Data extracts Block Start

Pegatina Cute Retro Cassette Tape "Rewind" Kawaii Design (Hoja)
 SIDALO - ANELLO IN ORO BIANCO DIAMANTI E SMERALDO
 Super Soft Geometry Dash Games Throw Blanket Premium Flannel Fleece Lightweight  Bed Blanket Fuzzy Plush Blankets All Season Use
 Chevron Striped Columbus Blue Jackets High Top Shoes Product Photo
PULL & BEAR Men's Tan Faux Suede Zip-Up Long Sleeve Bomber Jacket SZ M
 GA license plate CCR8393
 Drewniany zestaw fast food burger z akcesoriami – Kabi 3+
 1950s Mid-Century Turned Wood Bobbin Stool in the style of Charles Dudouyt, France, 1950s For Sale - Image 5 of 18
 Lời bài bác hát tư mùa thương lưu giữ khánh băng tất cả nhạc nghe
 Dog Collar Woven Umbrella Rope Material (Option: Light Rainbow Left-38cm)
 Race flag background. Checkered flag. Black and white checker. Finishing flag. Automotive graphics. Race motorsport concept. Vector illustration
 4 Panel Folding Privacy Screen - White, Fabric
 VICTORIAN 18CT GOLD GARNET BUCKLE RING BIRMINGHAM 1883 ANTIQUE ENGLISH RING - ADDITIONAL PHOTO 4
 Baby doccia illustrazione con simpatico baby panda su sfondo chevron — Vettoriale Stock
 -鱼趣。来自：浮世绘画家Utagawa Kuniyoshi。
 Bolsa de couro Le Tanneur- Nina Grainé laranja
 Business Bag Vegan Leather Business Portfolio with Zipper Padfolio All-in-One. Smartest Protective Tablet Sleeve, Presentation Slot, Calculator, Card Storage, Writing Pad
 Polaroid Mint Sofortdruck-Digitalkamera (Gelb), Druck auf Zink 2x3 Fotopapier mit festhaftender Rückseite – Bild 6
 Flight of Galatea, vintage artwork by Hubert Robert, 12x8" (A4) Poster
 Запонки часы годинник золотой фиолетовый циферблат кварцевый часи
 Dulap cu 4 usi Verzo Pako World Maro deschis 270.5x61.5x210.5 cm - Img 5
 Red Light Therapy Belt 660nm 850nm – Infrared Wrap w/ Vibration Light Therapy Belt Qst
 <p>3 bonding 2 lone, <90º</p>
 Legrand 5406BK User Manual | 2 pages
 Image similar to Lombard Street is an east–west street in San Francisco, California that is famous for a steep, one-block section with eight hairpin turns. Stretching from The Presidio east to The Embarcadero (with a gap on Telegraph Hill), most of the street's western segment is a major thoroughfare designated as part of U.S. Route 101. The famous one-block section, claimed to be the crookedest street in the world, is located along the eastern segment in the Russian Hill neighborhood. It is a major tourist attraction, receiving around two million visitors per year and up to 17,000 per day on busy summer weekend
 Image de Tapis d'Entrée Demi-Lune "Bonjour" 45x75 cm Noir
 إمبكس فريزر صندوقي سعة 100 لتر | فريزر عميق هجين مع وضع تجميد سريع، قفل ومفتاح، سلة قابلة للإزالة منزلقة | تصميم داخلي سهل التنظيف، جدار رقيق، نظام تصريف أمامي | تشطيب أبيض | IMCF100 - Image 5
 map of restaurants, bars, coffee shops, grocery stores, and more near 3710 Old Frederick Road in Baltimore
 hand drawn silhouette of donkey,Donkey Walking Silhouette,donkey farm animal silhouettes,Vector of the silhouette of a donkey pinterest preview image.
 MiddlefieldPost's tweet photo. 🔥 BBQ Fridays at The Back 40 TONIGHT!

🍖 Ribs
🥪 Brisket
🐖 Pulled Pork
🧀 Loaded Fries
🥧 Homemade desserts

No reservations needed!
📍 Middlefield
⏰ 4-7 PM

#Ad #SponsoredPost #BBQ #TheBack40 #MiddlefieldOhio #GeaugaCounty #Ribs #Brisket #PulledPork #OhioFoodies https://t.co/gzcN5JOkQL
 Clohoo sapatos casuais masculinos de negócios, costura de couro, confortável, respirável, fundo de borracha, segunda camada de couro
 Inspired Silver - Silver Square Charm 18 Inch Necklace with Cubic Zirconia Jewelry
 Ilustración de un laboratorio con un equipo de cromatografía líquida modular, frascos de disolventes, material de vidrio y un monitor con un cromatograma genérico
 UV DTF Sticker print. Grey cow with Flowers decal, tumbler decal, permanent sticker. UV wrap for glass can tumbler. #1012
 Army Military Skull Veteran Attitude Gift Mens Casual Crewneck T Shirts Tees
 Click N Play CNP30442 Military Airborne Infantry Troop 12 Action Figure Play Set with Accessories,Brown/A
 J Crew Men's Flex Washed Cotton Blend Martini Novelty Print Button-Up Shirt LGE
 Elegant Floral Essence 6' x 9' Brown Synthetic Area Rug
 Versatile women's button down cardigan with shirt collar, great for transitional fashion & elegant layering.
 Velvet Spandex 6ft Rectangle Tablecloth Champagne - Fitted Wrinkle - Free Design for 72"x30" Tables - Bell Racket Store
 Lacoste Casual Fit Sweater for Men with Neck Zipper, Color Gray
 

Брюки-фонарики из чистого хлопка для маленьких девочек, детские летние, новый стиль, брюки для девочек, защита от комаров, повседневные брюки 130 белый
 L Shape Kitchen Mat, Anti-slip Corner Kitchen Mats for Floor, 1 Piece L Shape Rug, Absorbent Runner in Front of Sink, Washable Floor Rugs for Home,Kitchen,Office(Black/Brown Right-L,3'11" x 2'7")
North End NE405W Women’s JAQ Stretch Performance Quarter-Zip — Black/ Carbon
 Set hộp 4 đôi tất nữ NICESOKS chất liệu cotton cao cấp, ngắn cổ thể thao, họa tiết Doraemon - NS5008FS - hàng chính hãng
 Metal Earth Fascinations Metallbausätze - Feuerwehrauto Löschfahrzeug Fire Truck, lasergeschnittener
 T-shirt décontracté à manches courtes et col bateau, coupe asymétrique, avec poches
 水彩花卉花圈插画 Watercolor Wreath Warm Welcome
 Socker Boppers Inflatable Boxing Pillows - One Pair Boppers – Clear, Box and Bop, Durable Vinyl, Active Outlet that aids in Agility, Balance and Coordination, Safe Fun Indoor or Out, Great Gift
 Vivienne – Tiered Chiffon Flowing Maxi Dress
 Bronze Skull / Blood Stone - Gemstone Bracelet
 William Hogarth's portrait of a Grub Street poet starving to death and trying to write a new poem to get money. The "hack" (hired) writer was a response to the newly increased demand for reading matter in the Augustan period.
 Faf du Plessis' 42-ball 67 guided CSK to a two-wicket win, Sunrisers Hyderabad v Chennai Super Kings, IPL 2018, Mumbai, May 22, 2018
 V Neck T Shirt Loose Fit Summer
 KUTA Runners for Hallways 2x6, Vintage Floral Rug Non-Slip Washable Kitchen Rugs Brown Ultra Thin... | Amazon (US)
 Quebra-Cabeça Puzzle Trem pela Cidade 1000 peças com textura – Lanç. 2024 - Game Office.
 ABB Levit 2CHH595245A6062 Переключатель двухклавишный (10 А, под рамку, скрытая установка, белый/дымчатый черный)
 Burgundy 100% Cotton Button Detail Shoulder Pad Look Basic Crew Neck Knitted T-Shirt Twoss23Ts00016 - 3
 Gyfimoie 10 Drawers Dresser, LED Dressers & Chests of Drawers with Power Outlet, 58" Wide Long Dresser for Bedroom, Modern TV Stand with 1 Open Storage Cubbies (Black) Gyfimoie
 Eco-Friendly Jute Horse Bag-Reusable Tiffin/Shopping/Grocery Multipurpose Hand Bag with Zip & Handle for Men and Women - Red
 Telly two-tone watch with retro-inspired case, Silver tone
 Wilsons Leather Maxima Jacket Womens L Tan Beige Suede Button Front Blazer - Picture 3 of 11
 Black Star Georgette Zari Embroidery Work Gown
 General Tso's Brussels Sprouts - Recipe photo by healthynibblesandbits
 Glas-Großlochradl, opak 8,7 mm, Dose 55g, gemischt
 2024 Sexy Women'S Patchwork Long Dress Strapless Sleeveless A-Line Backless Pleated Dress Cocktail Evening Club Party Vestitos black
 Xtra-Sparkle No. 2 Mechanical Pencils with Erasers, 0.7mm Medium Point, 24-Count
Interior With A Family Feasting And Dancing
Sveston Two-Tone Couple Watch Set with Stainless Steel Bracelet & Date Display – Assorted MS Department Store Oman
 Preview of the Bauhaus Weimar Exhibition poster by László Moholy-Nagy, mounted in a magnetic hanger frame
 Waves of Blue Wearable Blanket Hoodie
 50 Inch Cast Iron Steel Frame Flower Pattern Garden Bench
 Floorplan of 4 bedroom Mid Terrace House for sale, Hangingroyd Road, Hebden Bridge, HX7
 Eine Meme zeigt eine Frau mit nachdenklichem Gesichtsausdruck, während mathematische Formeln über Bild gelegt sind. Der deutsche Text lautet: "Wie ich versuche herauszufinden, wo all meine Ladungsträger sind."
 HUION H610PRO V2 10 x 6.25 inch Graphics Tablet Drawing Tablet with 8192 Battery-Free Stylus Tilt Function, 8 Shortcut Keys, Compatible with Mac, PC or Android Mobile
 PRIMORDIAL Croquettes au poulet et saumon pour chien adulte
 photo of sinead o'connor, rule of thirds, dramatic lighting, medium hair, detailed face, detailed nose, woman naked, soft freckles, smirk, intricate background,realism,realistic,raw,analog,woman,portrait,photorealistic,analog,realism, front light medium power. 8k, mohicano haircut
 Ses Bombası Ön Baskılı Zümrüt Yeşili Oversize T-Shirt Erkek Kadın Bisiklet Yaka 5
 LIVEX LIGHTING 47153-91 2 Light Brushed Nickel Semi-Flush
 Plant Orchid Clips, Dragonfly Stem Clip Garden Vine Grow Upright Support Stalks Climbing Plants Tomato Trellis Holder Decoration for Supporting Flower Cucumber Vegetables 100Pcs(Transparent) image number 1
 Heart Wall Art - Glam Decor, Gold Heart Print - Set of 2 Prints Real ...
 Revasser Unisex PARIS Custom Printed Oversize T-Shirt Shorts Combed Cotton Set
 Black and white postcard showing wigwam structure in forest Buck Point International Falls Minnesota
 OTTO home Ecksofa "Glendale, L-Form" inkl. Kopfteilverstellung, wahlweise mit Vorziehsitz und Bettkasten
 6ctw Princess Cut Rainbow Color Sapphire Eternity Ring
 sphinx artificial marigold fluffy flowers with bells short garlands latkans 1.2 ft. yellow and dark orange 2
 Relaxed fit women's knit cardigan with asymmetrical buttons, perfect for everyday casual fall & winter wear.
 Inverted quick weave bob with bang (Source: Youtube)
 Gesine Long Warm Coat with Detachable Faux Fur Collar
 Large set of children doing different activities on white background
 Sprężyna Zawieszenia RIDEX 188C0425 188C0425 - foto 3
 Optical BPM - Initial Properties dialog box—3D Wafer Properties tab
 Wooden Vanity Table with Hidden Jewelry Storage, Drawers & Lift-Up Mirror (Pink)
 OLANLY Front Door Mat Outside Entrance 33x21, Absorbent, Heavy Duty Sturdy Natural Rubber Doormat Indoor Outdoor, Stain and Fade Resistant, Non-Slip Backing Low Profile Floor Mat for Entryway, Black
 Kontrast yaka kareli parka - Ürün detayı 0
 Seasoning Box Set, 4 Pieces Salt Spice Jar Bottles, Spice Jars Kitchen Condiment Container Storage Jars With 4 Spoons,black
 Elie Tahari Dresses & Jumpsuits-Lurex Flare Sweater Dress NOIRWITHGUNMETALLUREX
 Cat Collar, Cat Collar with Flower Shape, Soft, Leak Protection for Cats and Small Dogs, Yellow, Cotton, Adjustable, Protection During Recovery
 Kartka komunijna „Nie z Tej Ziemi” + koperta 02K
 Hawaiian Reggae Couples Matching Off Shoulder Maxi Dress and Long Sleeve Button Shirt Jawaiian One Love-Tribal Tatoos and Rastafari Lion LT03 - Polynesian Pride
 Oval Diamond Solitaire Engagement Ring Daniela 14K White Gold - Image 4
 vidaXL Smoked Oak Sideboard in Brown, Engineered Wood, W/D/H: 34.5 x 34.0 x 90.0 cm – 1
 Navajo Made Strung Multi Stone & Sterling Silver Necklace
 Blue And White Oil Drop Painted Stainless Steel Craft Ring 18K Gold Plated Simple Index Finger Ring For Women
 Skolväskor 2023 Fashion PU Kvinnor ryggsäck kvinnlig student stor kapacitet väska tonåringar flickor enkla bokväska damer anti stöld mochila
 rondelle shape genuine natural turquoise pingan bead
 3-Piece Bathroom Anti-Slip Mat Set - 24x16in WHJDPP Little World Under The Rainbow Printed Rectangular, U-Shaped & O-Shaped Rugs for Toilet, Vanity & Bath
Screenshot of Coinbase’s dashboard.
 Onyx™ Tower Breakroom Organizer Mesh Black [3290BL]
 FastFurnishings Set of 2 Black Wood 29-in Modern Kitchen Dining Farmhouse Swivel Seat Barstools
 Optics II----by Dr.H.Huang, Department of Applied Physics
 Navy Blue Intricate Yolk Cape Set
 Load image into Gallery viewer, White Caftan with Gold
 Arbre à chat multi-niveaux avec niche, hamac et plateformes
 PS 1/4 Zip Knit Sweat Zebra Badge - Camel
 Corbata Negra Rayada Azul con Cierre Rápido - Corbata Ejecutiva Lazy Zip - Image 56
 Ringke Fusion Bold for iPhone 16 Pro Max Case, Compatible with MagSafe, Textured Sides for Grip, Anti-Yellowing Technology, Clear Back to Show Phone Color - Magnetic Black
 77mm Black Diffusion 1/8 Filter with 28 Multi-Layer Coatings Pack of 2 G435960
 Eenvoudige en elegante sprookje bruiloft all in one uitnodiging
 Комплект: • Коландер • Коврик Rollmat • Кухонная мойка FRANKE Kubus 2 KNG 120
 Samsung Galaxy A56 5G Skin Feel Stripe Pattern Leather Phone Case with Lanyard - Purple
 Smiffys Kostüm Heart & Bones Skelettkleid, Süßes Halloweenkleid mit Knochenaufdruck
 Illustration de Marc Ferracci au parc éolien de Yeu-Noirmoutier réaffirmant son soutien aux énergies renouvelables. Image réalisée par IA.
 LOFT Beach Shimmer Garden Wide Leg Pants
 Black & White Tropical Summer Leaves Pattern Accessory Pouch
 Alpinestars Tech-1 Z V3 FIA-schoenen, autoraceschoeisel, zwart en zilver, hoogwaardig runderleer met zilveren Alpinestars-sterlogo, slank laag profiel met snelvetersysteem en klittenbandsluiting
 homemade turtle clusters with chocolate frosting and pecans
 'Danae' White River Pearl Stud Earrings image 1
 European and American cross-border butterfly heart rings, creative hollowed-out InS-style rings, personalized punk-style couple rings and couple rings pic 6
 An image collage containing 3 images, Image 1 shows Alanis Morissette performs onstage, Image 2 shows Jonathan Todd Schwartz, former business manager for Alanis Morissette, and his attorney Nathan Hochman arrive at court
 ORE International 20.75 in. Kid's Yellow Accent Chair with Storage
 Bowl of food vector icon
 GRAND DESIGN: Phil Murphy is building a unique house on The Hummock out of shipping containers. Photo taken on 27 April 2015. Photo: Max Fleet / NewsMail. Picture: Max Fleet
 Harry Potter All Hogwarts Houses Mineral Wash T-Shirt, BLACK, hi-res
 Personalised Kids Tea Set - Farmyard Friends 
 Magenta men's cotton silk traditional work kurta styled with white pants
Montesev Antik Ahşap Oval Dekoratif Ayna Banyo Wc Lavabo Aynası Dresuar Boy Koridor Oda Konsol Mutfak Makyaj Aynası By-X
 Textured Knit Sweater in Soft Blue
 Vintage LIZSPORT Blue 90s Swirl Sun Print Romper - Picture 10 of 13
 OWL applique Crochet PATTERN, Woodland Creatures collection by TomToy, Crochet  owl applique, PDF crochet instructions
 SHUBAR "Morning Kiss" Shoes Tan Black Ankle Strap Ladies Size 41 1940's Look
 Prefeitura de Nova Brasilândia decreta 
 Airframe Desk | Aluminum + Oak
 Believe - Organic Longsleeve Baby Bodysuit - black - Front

Data extracts Block End

With the string "Department" as the key, filter the data above and show the lines that match.

◆ Response for this exercise
Sveston Two-Tone Couple Watch Set with Stainless Steel Bracelet & Date Display – Assorted MS Department Store Oman
 Optics II----by Dr.H.Huang, Department of Applied Physics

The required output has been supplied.